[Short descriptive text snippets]
+++++
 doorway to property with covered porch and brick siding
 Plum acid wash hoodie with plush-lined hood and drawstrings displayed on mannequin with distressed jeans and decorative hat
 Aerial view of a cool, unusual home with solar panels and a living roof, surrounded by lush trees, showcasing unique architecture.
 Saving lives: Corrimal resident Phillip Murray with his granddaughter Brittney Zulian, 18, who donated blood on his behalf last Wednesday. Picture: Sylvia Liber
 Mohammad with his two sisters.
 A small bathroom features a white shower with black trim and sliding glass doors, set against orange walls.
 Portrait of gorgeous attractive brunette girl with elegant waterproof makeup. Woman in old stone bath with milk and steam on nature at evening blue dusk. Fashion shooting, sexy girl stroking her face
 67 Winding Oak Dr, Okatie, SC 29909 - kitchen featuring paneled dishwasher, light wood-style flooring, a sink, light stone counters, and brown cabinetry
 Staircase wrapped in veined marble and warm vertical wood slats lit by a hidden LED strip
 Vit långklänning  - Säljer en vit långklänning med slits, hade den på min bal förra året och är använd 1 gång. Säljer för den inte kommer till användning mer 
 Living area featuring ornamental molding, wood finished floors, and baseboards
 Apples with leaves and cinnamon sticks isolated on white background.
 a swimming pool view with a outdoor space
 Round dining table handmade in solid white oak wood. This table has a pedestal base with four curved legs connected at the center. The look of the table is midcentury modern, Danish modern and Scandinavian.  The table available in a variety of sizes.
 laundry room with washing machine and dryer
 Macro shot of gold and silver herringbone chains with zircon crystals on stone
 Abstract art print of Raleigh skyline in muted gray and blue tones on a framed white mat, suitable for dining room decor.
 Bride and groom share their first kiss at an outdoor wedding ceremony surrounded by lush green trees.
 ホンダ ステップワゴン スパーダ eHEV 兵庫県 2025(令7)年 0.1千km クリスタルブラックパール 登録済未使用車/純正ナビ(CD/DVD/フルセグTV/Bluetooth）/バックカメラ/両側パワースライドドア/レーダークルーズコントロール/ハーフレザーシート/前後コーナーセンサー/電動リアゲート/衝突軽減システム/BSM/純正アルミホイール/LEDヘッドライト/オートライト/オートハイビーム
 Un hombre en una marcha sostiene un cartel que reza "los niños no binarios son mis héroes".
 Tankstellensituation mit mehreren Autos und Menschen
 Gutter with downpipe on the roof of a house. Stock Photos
+++++
— Required action —
Starting at the line that contains "Mohammad with his two sisters." and stopping after the line that contains "Abstract art print", write out every line exactly as it appears above, and no other line.

— Your solution —
 Mohammad with his two sisters.
 A small bathroom features a white shower with black trim and sliding glass doors, set against orange walls.
 Portrait of gorgeous attractive brunette girl with elegant waterproof makeup. Woman in old stone bath with milk and steam on nature at evening blue dusk. Fashion shooting, sexy girl stroking her face
 67 Winding Oak Dr, Okatie, SC 29909 - kitchen featuring paneled dishwasher, light wood-style flooring, a sink, light stone counters, and brown cabinetry
 Staircase wrapped in veined marble and warm vertical wood slats lit by a hidden LED strip
 Vit långklänning  - Säljer en vit långklänning med slits, hade den på min bal förra året och är använd 1 gång. Säljer för den inte kommer till användning mer 
 Living area featuring ornamental molding, wood finished floors, and baseboards
 Apples with leaves and cinnamon sticks isolated on white background.
 a swimming pool view with a outdoor space
 Round dining table handmade in solid white oak wood. This table has a pedestal base with four curved legs connected at the center. The look of the table is midcentury modern, Danish modern and Scandinavian.  The table available in a variety of sizes.
 laundry room with washing machine and dryer
 Macro shot of gold and silver herringbone chains with zircon crystals on stone
 Abstract art print of Raleigh skyline in muted gray and blue tones on a framed white mat, suitable for dining room decor.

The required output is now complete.